• THE TASK
Would you copy the listing below exactly, keeping the pictures out?

• RECORD EXCERPTS
========================================================================
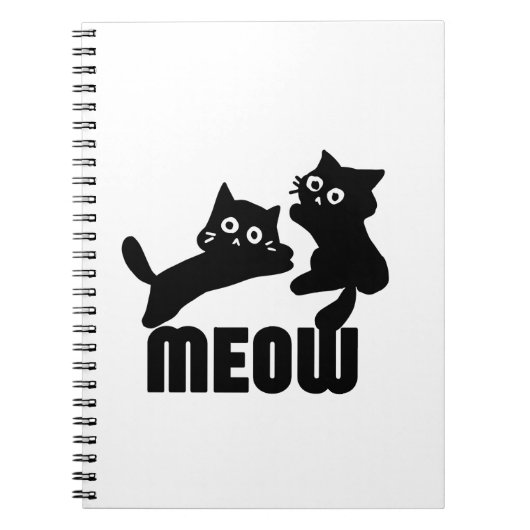 Zwarte kat, miauw notitieboek (Voorkant)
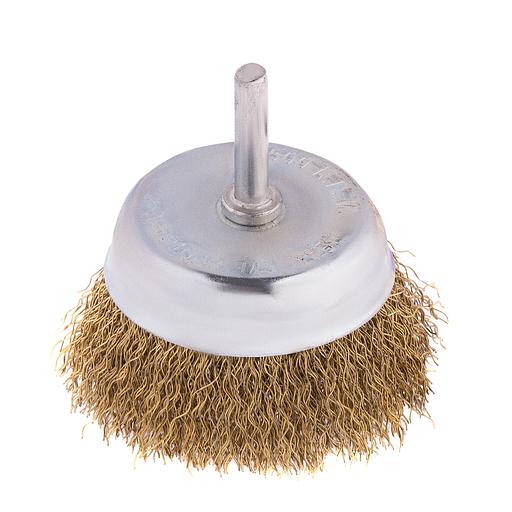 Щетка для дрели, 75 мм, "чашка" со шпилькой, латунированная витая проволока Matrix фото 1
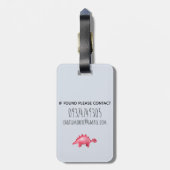 少年たちが恐竜模様を模したモノグラムで子どもを指名 ラゲッジタグ (裏面縦)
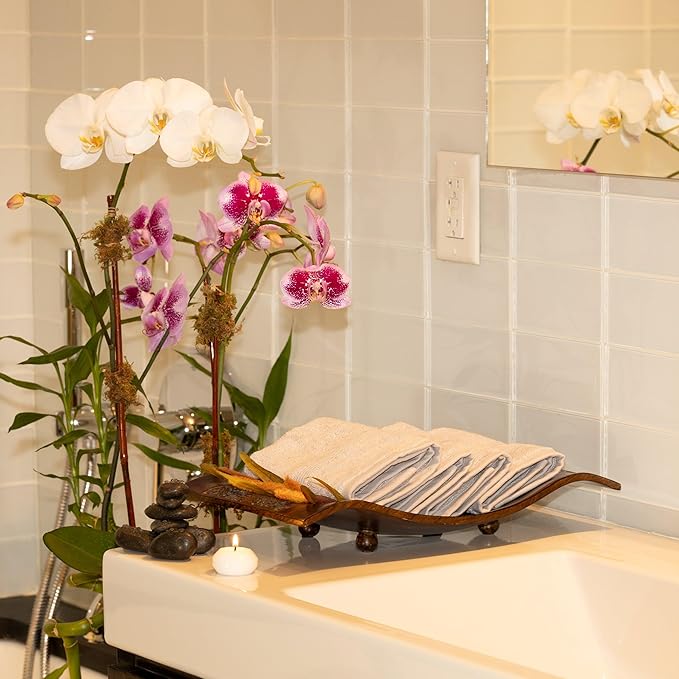 Mosobam Luxury Turkish 12pc Towel Set 30X58 16X30 13X13 Light Grey (Gray) 700 GSM Bamboo Viscose & Aegean Turkish Combed Cotton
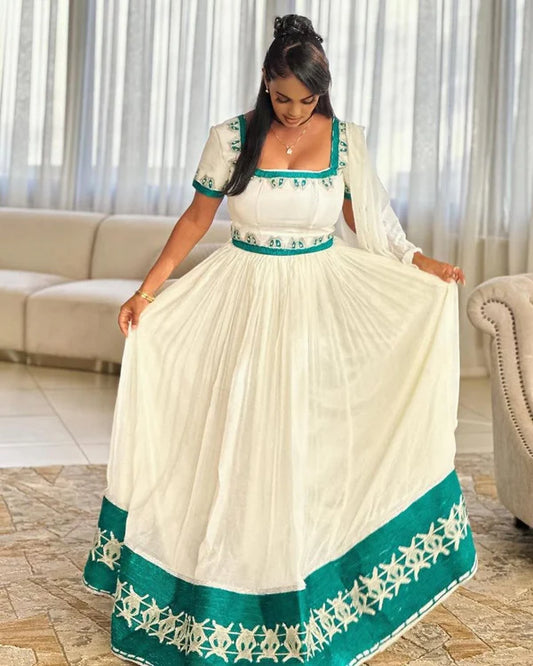 Frehiwot - Green Embroidered Short Sleeve Habesha Kemis | Handmade Ethiopian Traditional Clothing Hab287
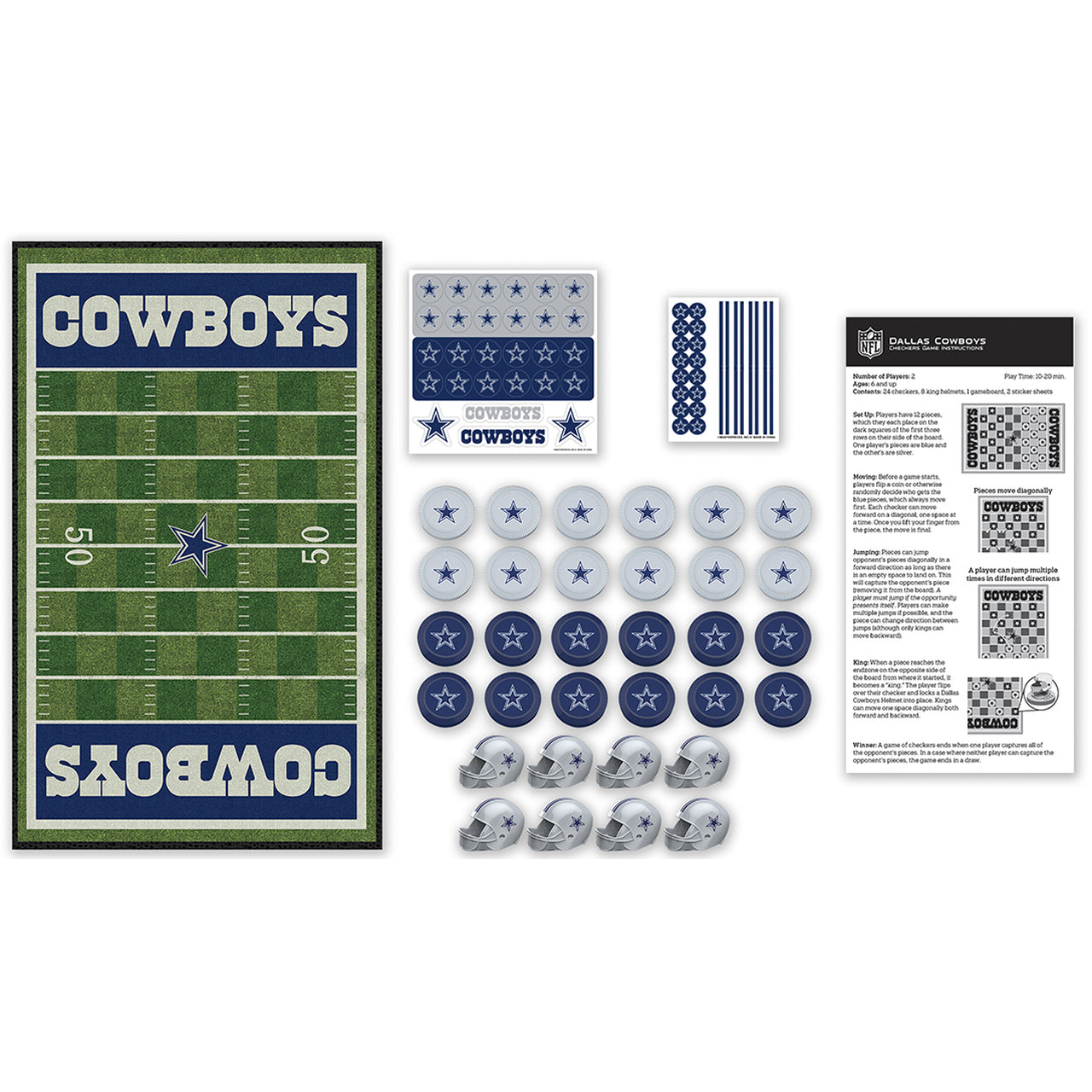 Dallas Cowboys Checkers Board Game by Masterpieces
========================================================================
• RESPONSE TO THE TASK
 Zwarte kat, miauw notitieboek (Voorkant)
 Щетка для дрели, 75 мм, "чашка" со шпилькой, латунированная витая проволока Matrix фото 1
 少年たちが恐竜模様を模したモノグラムで子どもを指名 ラゲッジタグ (裏面縦)
 Mosobam Luxury Turkish 12pc Towel Set 30X58 16X30 13X13 Light Grey (Gray) 700 GSM Bamboo Viscose & Aegean Turkish Combed Cotton
 Frehiwot - Green Embroidered Short Sleeve Habesha Kemis | Handmade Ethiopian Traditional Clothing Hab287
 Dallas Cowboys Checkers Board Game by Masterpieces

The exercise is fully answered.